Here’s a little secret from me to you regarding mobile social media and networking: if it is too frustrating or time consuming for people to access social content from handheld devices, they will simply stop trying.
I’m a Blackberry user. You might even say that I am a Crackberry addict. I won’t say it, because that means I have admitted that I have a problem, and experts tell me such admittance must preclude a recovery of some sort. But for better or worse, you might say my life revolves around the shiny little Blackberry Curve Sunset that never escapes my person.
There are days when I wake up to the same blase stream of information filling my feed reader, and then there are days when I am genuinely excited about what’s flowing through the web of tubes known as the internet. Yesterday was one of the latter category.
You see, along with the many various hobbies I entertain, I’m a self-proclaimed gadget geek. Full blown. I read somewhere that my Myers-Briggs personality analysis explains my need to have a new shiny gadget in my pocket at frequent intervals; thank you, whoever managed to connect psychology to my gadget addiction. I now effectively have a doctor’s note to wave around at loved ones who wonder why I can’t stick with a cell phone for more than a year (at most) at a time.
With that said, I’ve been somewhat disenchanted with mobile web browsing until just recently. The iPhone was the very first device that actually made me want to use the internet on the go. I don’t have an iPhone, though. All the folks who browse the internet on Palms, Blackberrys, HTC devices or any other smart phones probably can relate when I say that mobile browsing can be a bear.
That isn’t necessarily the fault of the handset or operating system manufacturers. The biggest problem is that there really aren’t really any rules or established guidelines for websites to follow when it comes to designing mobile-friendly pages. Text can appear all jumbled up, you have to scroll every which way like you’re playing a game of Snake to navigate — no rules usually translates as anarchy.

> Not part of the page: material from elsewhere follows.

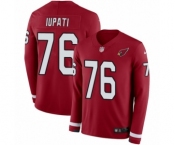 Men's Nike Arizona Cardinals #76 Mike Iupati Limited Red Therma Long Sleeve NFL Jersey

I said a quiet prayer of gratitude yesterday when I read that the World Wide Web Consortium (W3C) finally laid out its first set of guidelines for creating mobile websites. Anthony Ha of Venture Beat writes, “The consortium, commonly known as the W3C, is the primary international body that develops standards for the web, and now it’s turning its attention to the mobile world. The idea is to have a set of guidelines that developers can follow so that their sites can be viewed without difficulty on any device.” If that doesn’t excite the pocket warriors amongst you, I don’t know what will!
With standardization of rules that demand mobile websites be accessible by any web-friendly mobile phone, more consumers will get on board with mobile browsing. As more consumers become connected on the go, there will finally be the boom of users necessary for mobile social networking to really take off. The scope and potential is huge! With browsers being packed into every purse and pocket, we’ll see a huge boost in dependence on mobile social communities, and you can bet your britches it will change the way we think about mobile social networks and the devices we choose.
If, at this point, you still haven’t quite grasped how exciting this is (at least for me in my gadget-driven geek frenzy), I suppose you could imagine me doing an Irish jig in my office. That’s not something I necessarily recommend.